Does it affect vividness or ability to have  a lucid dream?

I hear that masturbation drains acetylcholine and seratonin from your brain, and that you need both for dreams.

----------


## RooJ

This topic crops up alot, here be some links to reading materials, hope they help  :smiley: 

_Masturbation?_ 
http://www.dreamviews.com/community/...d.php?t=36854&

*Masturbation/Sex: Effects on Recall, Vividity & Lucidity* 
http://www.dreamviews.com/community/...d.php?t=23254&

*Masturbation Does Work!* 
http://www.dreamviews.com/community/...d.php?t=31748&

*Masturbation* 
http://www.dreamviews.com/community/...d.php?t=30596&

Maybe we should sticky a masturbation thread (no pun intended)

----------


## LucidInCuB!zt

hahaha!!! lol its funny how u say it lol

----------


## TheUniversalOne

Masturbation decreases your energy level and I think a relatively high energy level will increase ability to LD (think those that are well rested usually have a better shot at LDing and remembering their dreams than those who are sleep deprived).

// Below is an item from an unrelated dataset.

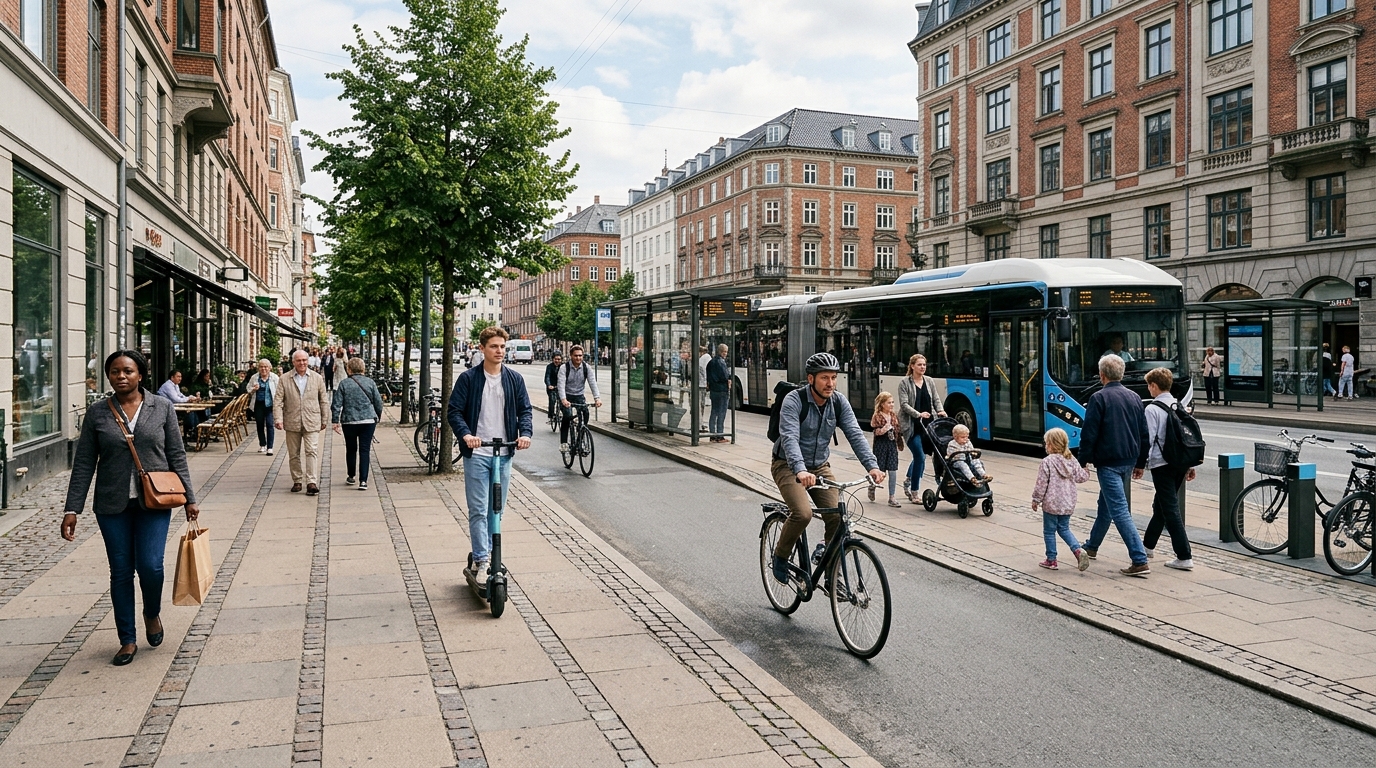 découvrez les meilleures alternatives à la voiture en ville : transports en commun, vélo, marche et covoiturage pour vous déplacer facilement et durablement.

I worked with energy raising for a while and noticed an increase in my number of LD's so I'm sure energy does affect your ability to LD. I don't think it'll mess up your chances completely, probably just make the chances lower. Perhaps raising energy after would reverse this. Just my thoughts...

 ::banana::

----------


## Spamtek

There are some pretty tried and true facts about ejaculation and hormone/neurotransmitter levels, although I doubt there's been any scientific study done specifically about dreams and wanking.  Masturbation (for men at least - I don't know _what_ is up with ladies) will demolish your testosterone levels, even at just a single pass, and will take upwards of an entire week before they reach their peak again.  Testosterone is definitely responsible for imparting energy, assertiveness, motivation and drive to a person, and frequent (several times a week or more) masturbation _I can only suspect_ has a negative impact on lucid dreaming which so often requires focus, drive, and enthusiasm to execute successfully.  When you wake up at 3:00 AM for your WBTB and you are acutely out of testosterone, you have very little hope of being able to rouse yourself.  Masturbation also temporarily depletes dopamine levels which are also involved in motivational behavior, and frequent masturbation also increases prolactin levels which, aside from being the main mechanism that antagonizes testosterone production to begin with, will probably give you manboobs.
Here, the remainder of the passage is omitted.